The film is shot in black and white, which gives it a nice air of authenticity ... not really, because obviously color existed back then, but it does feel like we're watching newsreel footage that was shot at the time. But more importantly, you're constantly reminded that McCarthy and, in his footsteps, Bush and friends, see the world in black and white. You're good or you're evil. You're with us, or you're against us.
Another thing that stood out was the protrayal of Murrow as one who would not rest on his laurels. He truly felt that he was just doing his job, and even when he was successful, he'd only celebrate with a shot of scotch before moving on because he had more work to do.
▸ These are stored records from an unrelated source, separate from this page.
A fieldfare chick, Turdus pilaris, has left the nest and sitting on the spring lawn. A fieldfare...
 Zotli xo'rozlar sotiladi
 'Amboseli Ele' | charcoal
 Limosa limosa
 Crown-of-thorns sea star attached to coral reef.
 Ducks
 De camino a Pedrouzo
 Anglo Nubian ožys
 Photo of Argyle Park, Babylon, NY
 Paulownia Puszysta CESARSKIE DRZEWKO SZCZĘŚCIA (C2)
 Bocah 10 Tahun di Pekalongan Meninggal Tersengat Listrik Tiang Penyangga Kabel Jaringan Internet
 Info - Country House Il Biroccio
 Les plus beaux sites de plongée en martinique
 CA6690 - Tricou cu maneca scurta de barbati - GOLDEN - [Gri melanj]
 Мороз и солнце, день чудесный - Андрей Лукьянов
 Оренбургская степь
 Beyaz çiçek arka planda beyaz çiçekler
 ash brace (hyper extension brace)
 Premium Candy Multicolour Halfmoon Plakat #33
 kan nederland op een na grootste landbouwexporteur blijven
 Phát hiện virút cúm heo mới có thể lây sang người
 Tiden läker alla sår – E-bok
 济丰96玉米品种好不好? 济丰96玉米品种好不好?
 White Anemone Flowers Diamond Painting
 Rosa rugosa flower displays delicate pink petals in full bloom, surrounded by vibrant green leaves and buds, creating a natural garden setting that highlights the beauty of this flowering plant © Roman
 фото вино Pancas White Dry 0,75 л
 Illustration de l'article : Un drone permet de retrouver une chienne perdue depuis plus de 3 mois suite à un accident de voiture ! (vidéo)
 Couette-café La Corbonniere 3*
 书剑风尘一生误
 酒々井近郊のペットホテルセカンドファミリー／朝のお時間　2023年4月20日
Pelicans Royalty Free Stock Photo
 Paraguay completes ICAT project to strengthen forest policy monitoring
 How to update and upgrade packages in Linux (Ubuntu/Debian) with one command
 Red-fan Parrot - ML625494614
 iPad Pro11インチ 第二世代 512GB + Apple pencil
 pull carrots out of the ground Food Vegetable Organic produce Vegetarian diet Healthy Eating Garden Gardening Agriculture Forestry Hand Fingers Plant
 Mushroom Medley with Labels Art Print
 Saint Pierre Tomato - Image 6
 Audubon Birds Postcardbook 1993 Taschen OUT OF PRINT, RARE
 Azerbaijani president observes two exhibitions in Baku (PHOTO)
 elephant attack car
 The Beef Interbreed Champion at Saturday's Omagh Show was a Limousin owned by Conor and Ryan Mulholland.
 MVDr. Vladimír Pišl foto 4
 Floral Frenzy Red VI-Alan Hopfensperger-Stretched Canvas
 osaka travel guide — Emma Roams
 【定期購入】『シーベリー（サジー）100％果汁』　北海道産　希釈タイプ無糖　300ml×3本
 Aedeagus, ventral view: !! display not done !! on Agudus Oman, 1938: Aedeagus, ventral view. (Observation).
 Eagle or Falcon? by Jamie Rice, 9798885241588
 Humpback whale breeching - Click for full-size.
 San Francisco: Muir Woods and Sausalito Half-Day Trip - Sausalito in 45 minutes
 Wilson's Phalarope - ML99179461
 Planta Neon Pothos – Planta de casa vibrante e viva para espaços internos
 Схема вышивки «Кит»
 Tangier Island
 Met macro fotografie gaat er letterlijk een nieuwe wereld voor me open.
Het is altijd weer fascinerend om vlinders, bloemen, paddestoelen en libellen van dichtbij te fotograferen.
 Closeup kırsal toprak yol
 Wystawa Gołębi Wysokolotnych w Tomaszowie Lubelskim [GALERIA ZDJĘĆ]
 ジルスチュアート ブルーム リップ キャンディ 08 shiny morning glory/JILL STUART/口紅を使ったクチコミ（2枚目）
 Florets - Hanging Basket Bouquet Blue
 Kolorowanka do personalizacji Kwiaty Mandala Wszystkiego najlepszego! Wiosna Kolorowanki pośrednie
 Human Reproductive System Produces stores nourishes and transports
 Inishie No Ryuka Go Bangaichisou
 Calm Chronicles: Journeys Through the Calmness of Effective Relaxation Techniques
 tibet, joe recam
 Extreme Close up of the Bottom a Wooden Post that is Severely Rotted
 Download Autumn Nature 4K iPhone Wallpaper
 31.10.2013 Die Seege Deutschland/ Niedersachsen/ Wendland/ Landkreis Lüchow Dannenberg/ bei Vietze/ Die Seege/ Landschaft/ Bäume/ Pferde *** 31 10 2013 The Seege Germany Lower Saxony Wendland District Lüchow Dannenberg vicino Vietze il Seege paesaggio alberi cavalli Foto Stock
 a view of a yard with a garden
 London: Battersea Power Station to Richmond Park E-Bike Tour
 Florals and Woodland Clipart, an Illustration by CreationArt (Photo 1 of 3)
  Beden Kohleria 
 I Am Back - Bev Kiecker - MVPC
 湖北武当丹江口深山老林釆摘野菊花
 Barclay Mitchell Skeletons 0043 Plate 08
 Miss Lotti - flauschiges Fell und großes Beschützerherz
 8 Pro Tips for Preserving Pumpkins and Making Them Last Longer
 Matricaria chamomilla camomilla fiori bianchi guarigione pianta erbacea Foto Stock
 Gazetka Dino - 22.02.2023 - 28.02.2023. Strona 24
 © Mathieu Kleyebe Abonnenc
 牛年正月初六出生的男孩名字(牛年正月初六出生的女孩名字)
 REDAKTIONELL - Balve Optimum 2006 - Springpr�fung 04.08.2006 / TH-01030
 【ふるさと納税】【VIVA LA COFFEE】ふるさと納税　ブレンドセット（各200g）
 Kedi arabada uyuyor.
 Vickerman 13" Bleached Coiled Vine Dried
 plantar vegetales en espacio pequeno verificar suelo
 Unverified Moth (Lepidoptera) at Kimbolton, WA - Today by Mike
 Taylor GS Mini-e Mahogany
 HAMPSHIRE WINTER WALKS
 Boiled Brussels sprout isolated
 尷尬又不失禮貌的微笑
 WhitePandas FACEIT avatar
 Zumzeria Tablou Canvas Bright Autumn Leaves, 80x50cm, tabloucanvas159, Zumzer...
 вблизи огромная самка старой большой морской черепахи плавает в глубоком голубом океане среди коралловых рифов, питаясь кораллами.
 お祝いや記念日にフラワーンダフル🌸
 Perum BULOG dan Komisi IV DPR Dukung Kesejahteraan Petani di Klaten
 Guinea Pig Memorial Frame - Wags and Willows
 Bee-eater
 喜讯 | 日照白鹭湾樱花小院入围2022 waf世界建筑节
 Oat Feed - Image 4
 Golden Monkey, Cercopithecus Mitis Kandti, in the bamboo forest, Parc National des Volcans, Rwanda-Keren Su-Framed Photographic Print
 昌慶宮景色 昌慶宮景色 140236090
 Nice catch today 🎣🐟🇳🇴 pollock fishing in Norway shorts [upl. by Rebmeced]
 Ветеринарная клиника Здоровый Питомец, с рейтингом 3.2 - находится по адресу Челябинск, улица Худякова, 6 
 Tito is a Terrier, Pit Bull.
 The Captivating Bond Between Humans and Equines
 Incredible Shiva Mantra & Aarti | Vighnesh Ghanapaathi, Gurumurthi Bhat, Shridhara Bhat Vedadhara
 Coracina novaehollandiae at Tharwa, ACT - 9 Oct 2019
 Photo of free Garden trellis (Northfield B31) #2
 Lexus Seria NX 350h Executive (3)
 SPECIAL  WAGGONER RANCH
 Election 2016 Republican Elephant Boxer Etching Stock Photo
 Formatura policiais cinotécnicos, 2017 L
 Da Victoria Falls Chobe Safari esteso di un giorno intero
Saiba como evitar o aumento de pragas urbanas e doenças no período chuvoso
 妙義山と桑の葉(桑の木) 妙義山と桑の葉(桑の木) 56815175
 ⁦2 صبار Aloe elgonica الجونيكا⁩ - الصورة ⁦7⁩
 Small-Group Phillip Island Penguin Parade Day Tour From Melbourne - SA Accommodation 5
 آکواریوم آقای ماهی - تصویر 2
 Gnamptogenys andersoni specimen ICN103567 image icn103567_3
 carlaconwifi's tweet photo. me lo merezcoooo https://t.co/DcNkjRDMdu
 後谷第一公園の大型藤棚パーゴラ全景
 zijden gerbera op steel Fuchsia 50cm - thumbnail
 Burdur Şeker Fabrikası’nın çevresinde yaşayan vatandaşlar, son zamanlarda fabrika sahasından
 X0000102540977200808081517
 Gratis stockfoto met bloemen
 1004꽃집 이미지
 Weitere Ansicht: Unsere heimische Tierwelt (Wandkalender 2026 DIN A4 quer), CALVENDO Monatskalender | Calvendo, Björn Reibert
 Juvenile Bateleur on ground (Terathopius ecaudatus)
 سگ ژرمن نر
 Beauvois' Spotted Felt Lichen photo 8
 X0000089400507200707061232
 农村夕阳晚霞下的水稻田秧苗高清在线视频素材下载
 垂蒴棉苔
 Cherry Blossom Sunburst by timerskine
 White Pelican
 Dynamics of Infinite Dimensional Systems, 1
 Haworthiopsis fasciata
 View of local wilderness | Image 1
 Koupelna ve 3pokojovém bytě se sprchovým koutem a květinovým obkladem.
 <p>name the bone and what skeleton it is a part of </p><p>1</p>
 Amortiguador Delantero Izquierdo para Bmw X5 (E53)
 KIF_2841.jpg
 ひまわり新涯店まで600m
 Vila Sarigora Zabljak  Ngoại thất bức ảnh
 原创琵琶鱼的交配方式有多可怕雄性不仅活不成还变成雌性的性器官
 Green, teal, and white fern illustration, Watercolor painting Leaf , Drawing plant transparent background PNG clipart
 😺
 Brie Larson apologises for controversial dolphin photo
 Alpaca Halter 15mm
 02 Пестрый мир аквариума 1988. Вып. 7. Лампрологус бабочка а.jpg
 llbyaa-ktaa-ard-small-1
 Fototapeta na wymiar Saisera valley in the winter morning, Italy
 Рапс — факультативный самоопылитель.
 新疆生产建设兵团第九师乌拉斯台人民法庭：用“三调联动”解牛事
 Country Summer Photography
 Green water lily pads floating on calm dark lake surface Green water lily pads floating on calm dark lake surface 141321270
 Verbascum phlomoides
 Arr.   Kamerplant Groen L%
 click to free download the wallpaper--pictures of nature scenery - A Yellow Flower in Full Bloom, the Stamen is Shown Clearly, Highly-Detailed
His reverence was for telelvision journalism and the role it could play in our nation's civic discourse, not to himself or his news program. When Payley moves him to Sundays, he's not mad because it's a personal affront, but because fewer people will hear the truth.
Because of the film's understated nature -- all indoors with no special effects and quiet, subtle performances -- I'm not sure it'll get much in the way of awards, though a few of the performances deserve Oscar consideration. Ray Wise as news anchor and Murrow admirer Don Hollenbeck is particularly good, and David Strathairn is dead-on as Murrow. Frank Lagella as CBS president Bill Payley portrays perfectly the impossibly fine line he has to walk between supporting his journalists and keeping the company in the black.
If there's a beef with the movie, it is that lack of context I mentioned before. It jumps right from October 1953 to March 1954, and assumes that you know that's about when McCarthy lost all touch with reality and things got really bad. It also kind of makes it seem like it was one critic that irked Don Hollenbeck and only hints at Hollenbeck's personal demons, of which he had many. It makes Murrow's other show, Person to Person, look like insipid entertainment, even though it was more than that in reality. And it doesn't follow up on the fact the Payley's "punishment" of Murrow - moving him to an hour-long show on Sunday afternoon - would ultimately prove to be the salvation of CBS news and spawn the rash of hour-long news magazines we have today.
But after all, this is a film about one series of events that happened in one network news studio, so confining the story to those events and that studio (and even some of the moderately humorous office politics) works in the end.
So. To sum up. Go see this movie. And then watch the network news or CNN or MSNBC and see how much you wish Murrow was still alive.